We’re all terrible people with angry jealous souls that want nothing more than to be with the ones we love. There’s this feeling in the pit of my stomach that gnaws at me every night I end up sleeping alone and I can’t blame anyone but myself and you. We together put me through this every night for weeks on end until the miles become so few that we are one. But the relief is fleeting, for the miles return and the unsettling feeling returns and I can’t help but spend sleepless nights worrying and worrying until my mind is coated in poison and nothing but terrible thoughts travel through my nerves and every inch of my skins itches with anxiety laced with jealousy.
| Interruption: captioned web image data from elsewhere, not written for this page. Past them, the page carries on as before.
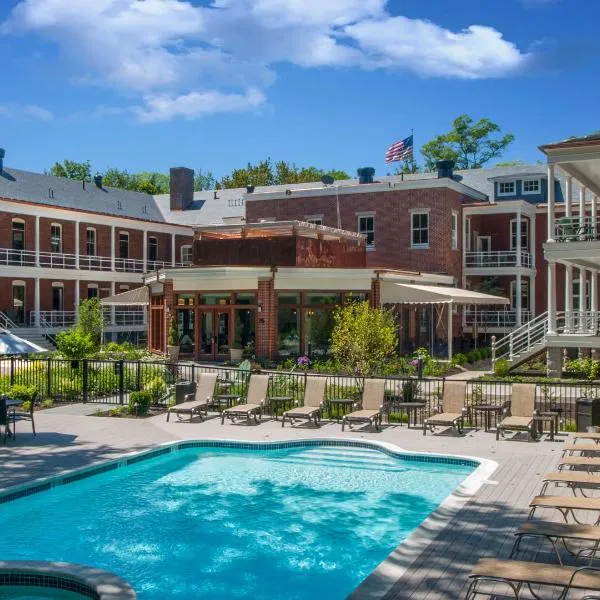 Inn at Diamond Cove, hotel in Portland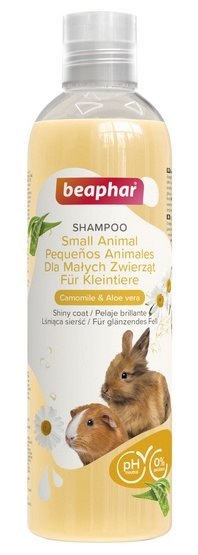 Beaphar Beaphar Szampon dla małych zwierząt 250ml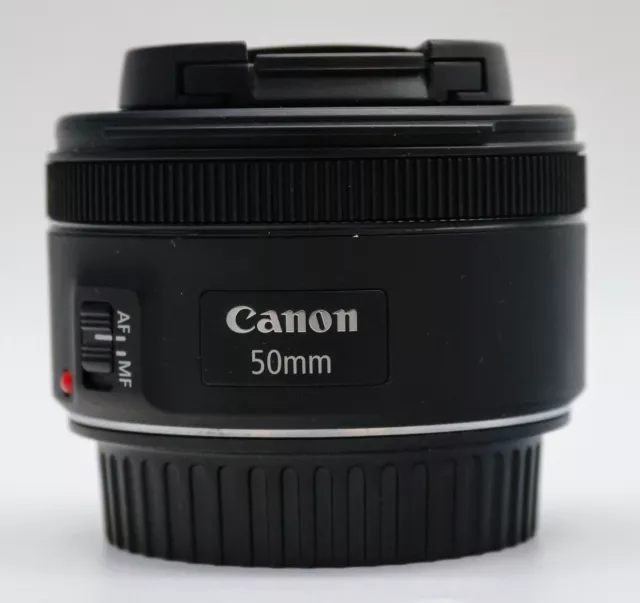 Canon EF 50 mm F/1.8 EF STM für Canon Objektiv 📸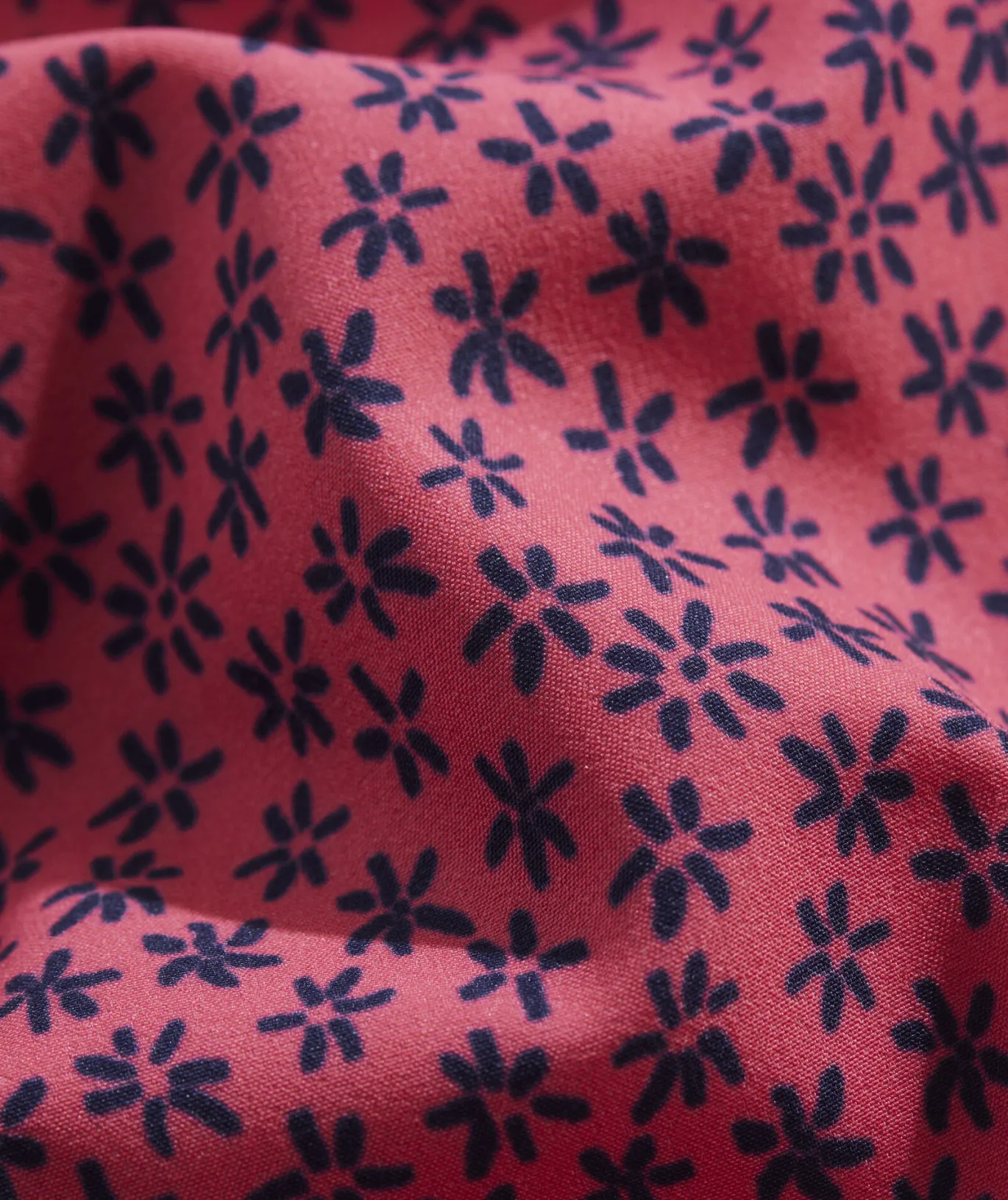Vineyard Vines 5 Inch Printed Chappy Swim Trunks Flrl Micro Jetty Red New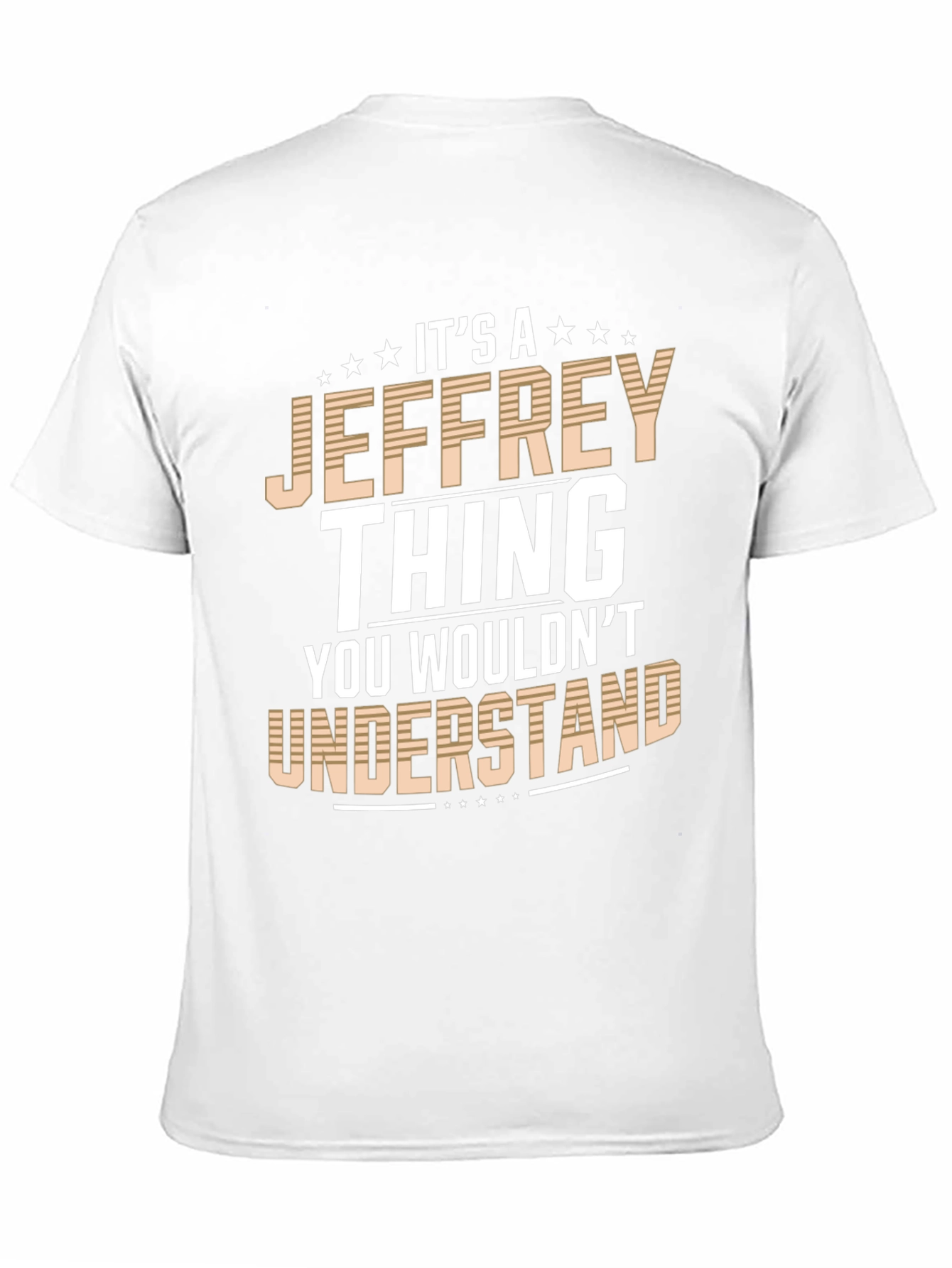 Its A Jeffrey Thing T-Shirt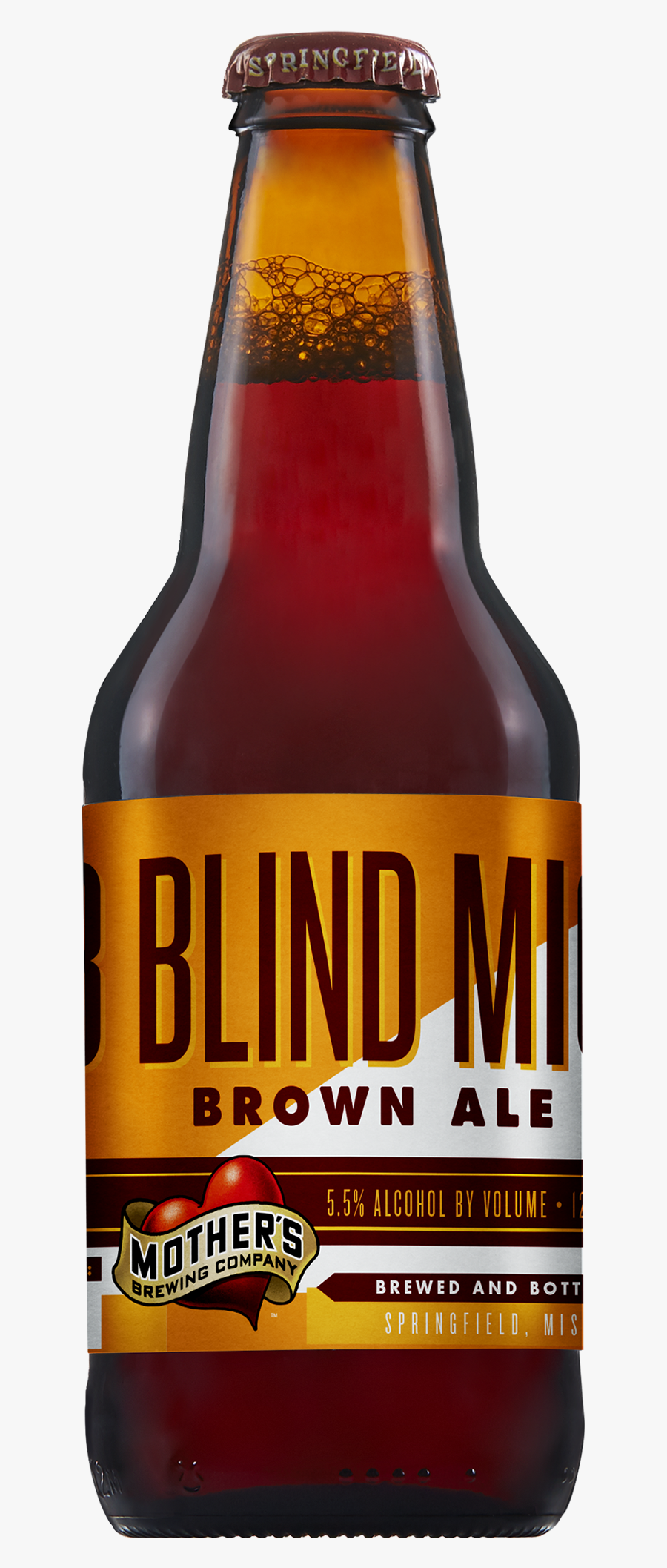 Home Mother S Brewing - Mother's Beer Winter Grind, Transparent Clipart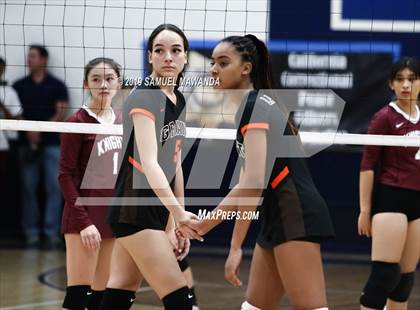 Thumbnail 2 in Grant vs Sherman Oaks CES (CIF LACS D3 Final) photogallery.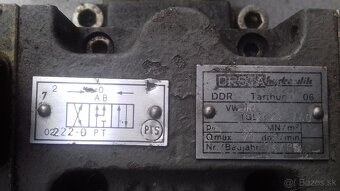 Predám hydraulický agregát - 3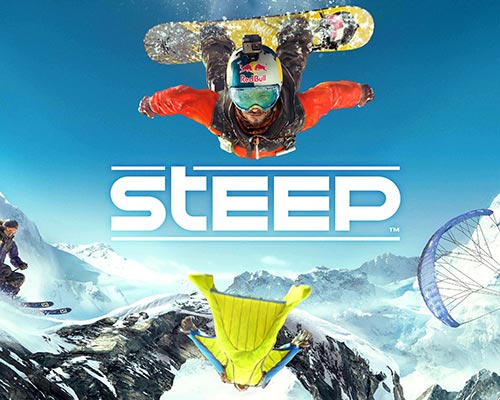 Steep PC Game Free Download (v1.23.7640008)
When the miles are gone and we are one, I’m elated. Those appalling feelings cease to exist, but its only temporary. For a brief moment everything is perfect, and that’s how every moment I spend with you feels. Your presence is a divine gift but your absence is a living hell. I can carry the weight of all of this anxiety but I can only carry it for so long before the weight of it all comes crashing down and breaks my back. I see you and me together and that’s all I ever see and when we aren't together and nothing until we are reunited and then I just see us and I can't get out of this continuous mindset.
These thoughts keep repeating themselves in my head, playing out and projecting themselves on the movie screen for everyone to see, and I don’t even charge admission but I should because if I don’t get to profit off of my emotions than why the fuck am I doing this to myself?
But at the end of it all, all it takes is a 50 second phone call to make everything better, and I can rest for the day and no longer worry about anything. No matter what you have this power about you to diffuse all those negative emotions.